The universe has always evoked wonder both in a scientific and in an existential way. As human beings we can’t really understand or grasp the dimensions in time and space. From a phenomenological perspective the philosopher Merleau Ponty [2] explains the feeling of living in a “relationship” with our ancestors and the nature like this: “Intellectualism is the recognition of this immanent unity of the things: the constituent moments of the thing are not simply contingently contiguous to one another; they are internally, intentionally, or meaningfully related to one another.” [3] Ponty is talking into a dualism, where on one hand he describes that everything is connected in unity and on the other hand he elsewhere describes that a thing has its own essence. His point is that we are not only living in casual relationship, but in a meaningful way we are completely integrated into an immanent unity.

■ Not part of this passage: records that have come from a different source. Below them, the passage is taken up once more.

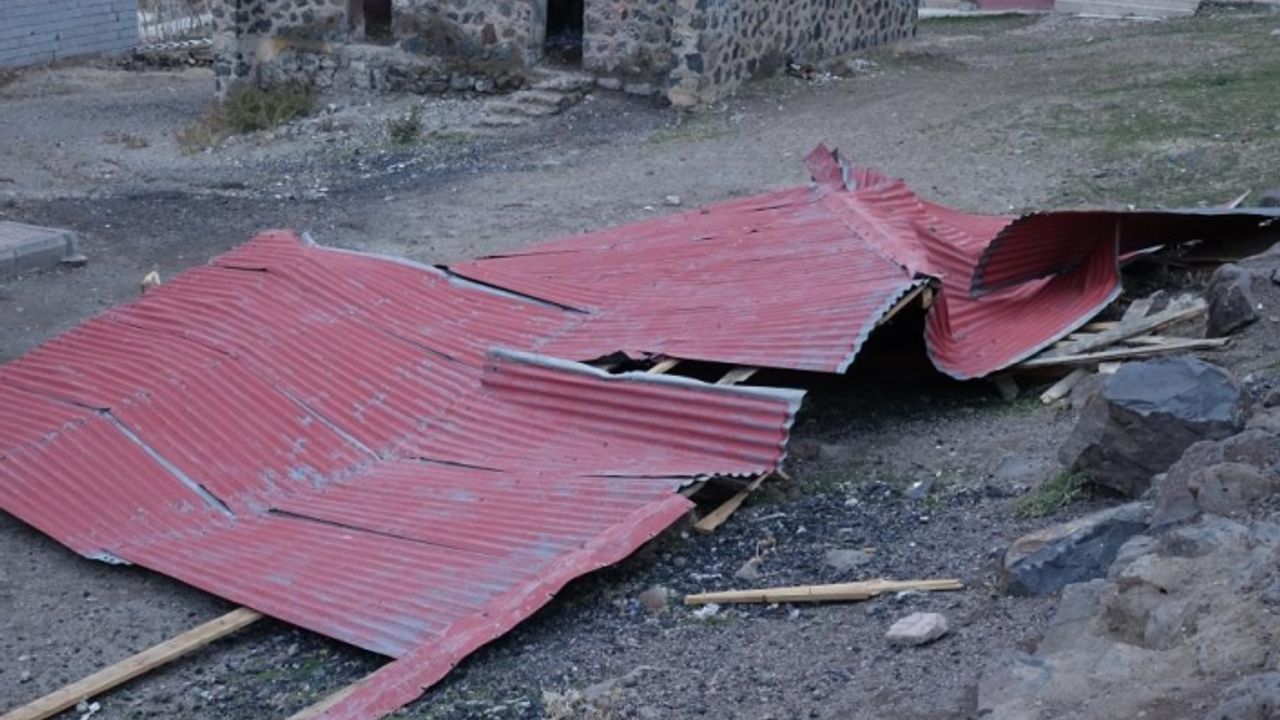 Van'da şiddetli rüzgar okulun çatısını uçurdu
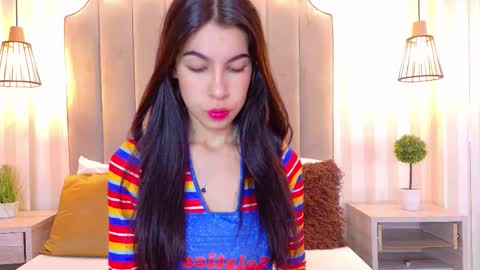 Snapshot of irisdelavega_ chatting on 15, 12, 2025 Iris online show from 15, 12, 2025
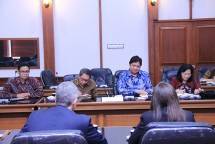 Menteri Perindustrian Airlangga Hartarto bersama Dirjen ILMATE Harjanto serta Dirjen IKM Gati Wibawaningsih saat mendengarkan penjelasan dari pihak Amazon Web Service (Foto: Dok. Kemenperin) 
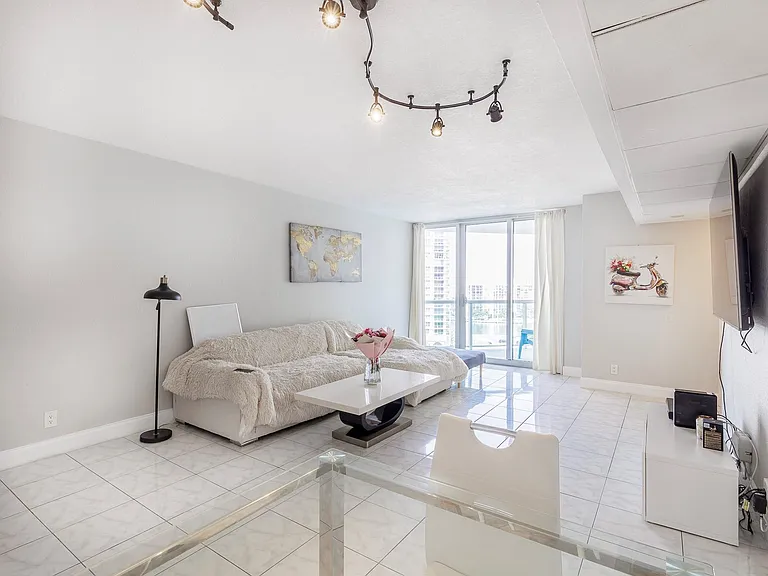 3801 S Ocean Dr #10S — Photo 3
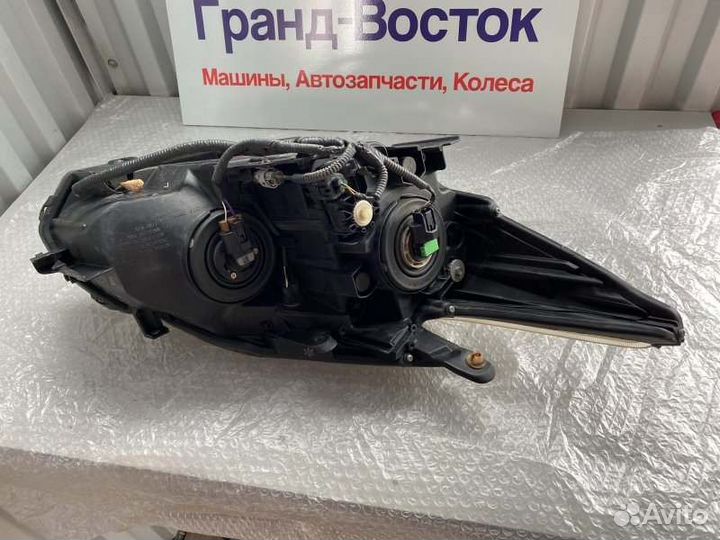 Фара левая Toyota Prius ZVW30 2010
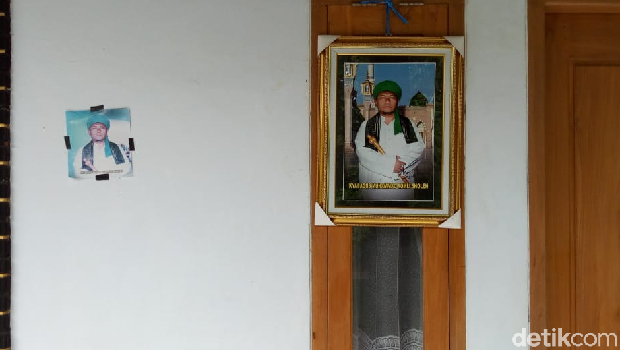 Pengasuh Pondok Bantah Jual Foto Dirinya Rp 1 Juta untuk Anti Gempa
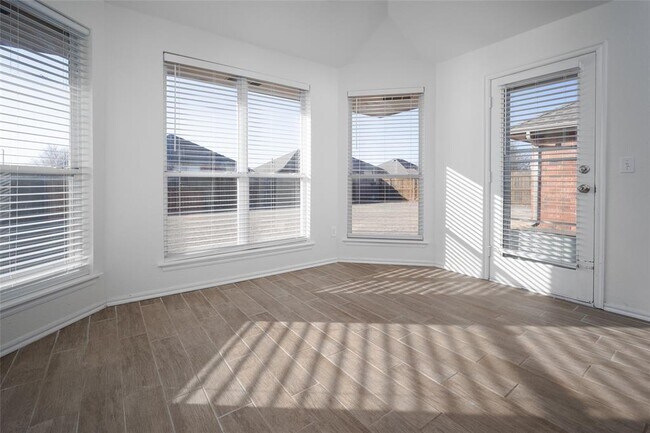 Foto del edificio - 3612 Crail Dr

Ponty means that the essence of the “thing” is speaking “the very voice... [the] ultimate truth” [4]. Because of the unity we can, on the pre-verbal level through our senses, “listen” to this voice and connect to the essence and we will get a feeling of meaning. Ponty describes that we can receive small snapshots of the essence, when we let ourselves be present and dwell on in the moment. Our perception and senses are the highway to philosophical reflection and meaningfulness in life.

In the working process the photographs have undergone a transformation from factual images in a scientific book to sensuous works of art. The images are scanned, enlarged and split into three channels (yellow, red and blue), then transferred onto polymer plates and reassembled again as photo etching prints. In a slow process by hand the inks are pressed into the paper and merge with the fibers. The prints contain traces of the artist’s actions, choices and fingerprints – rose from the personal story and now appear as unique artworks.

Ponty describes that this merging process is also what happens between the prints and the viewer: in a slow movement, through our senses, we perceive the essence of the prints. The prints appear in their ‘allness’, they evoke phenomenological wonder and let us to get in touch with the big common questions and what is deeply existential meaningful.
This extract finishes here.